Exercise details:
Copy down every line of the data that follows exactly. Omit the pictures.

Data below:
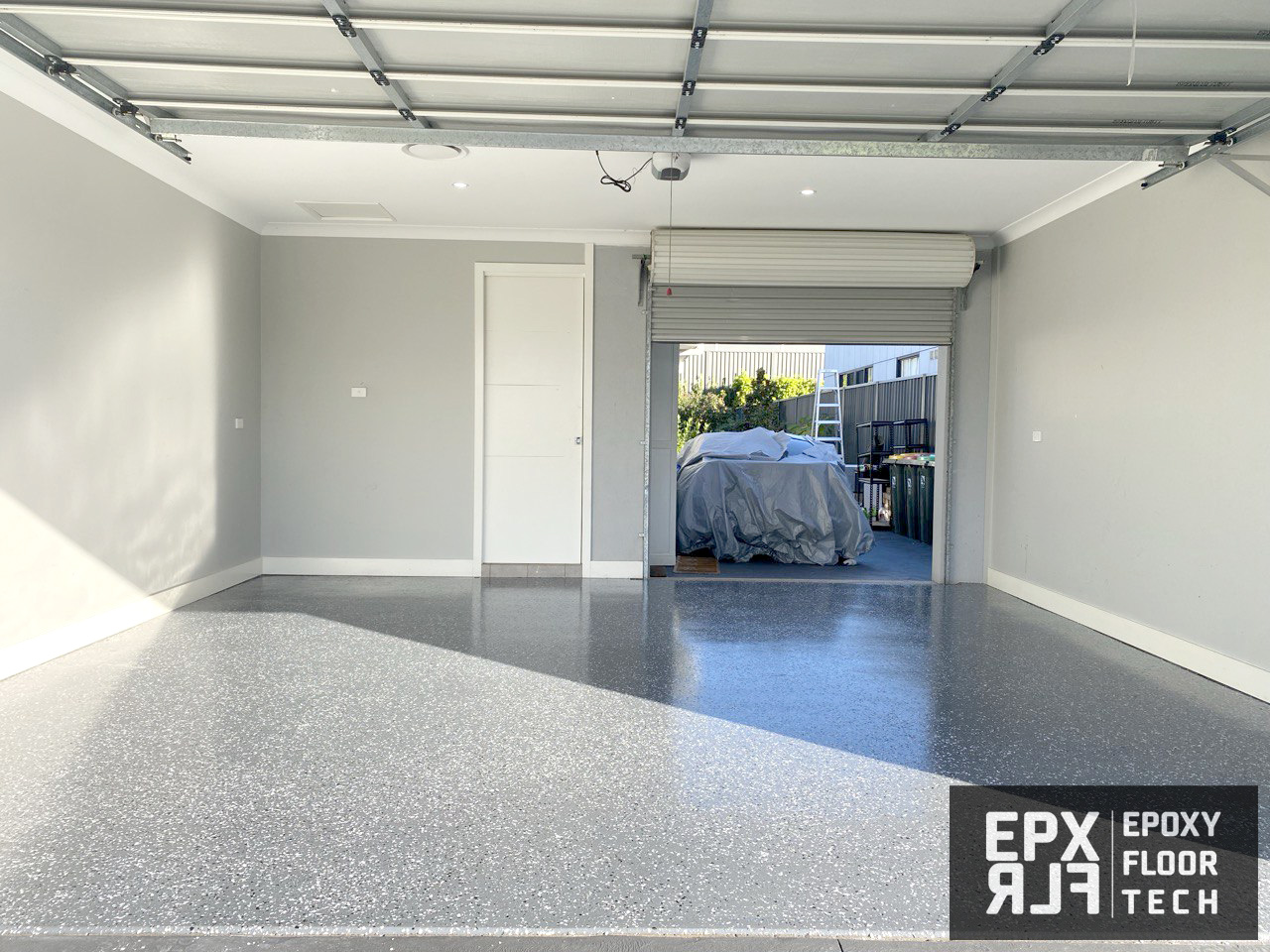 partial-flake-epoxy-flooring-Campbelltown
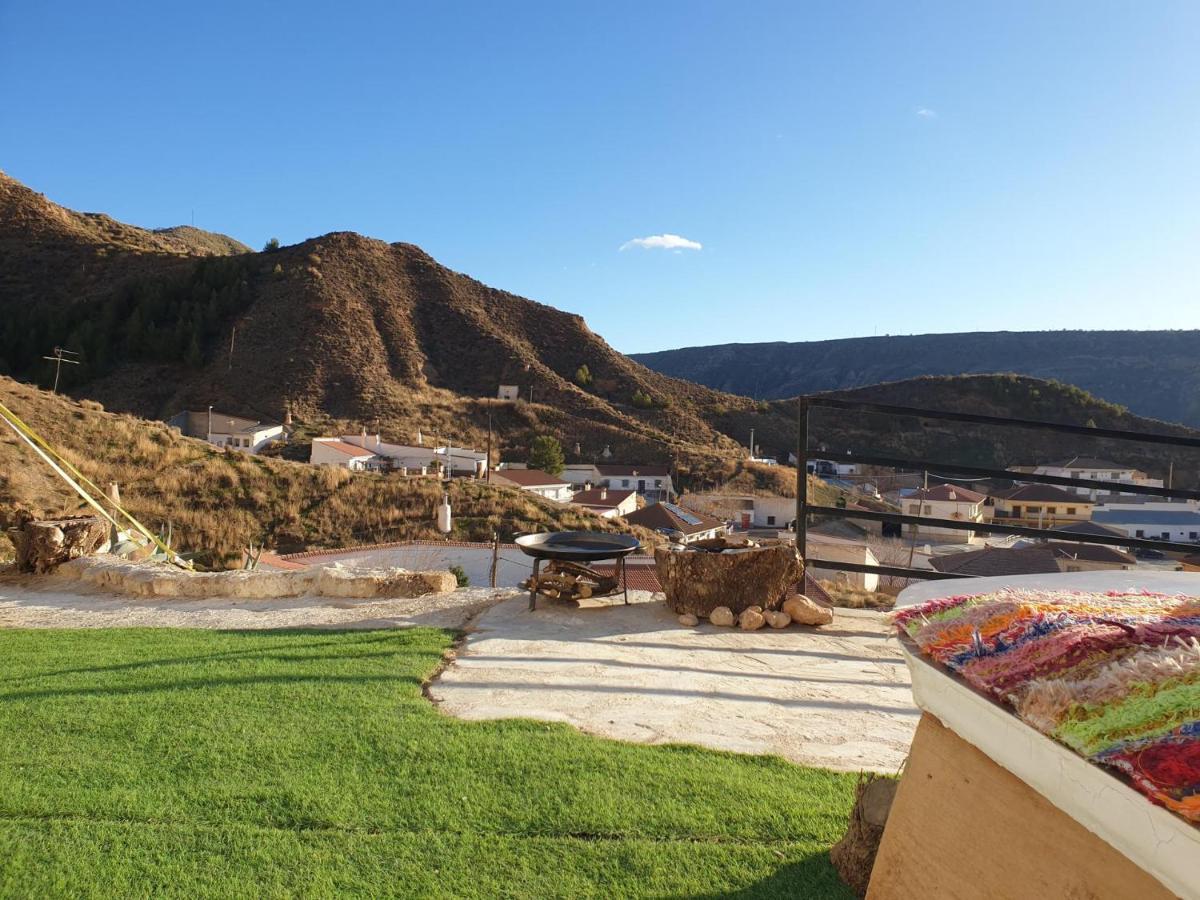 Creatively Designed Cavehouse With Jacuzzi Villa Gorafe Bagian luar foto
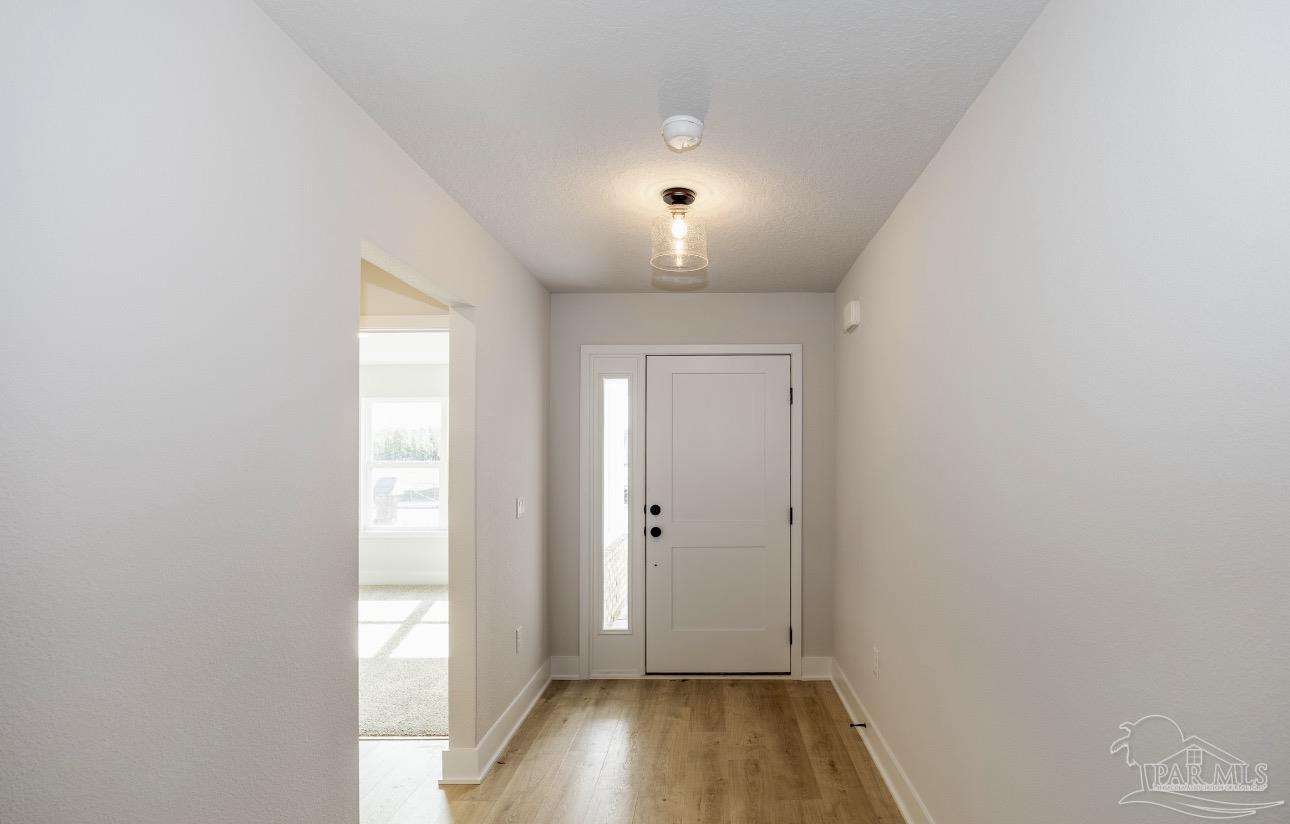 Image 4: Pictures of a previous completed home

Answer space:
 partial-flake-epoxy-flooring-Campbelltown
 Creatively Designed Cavehouse With Jacuzzi Villa Gorafe Bagian luar foto
 Image 4: Pictures of a previous completed home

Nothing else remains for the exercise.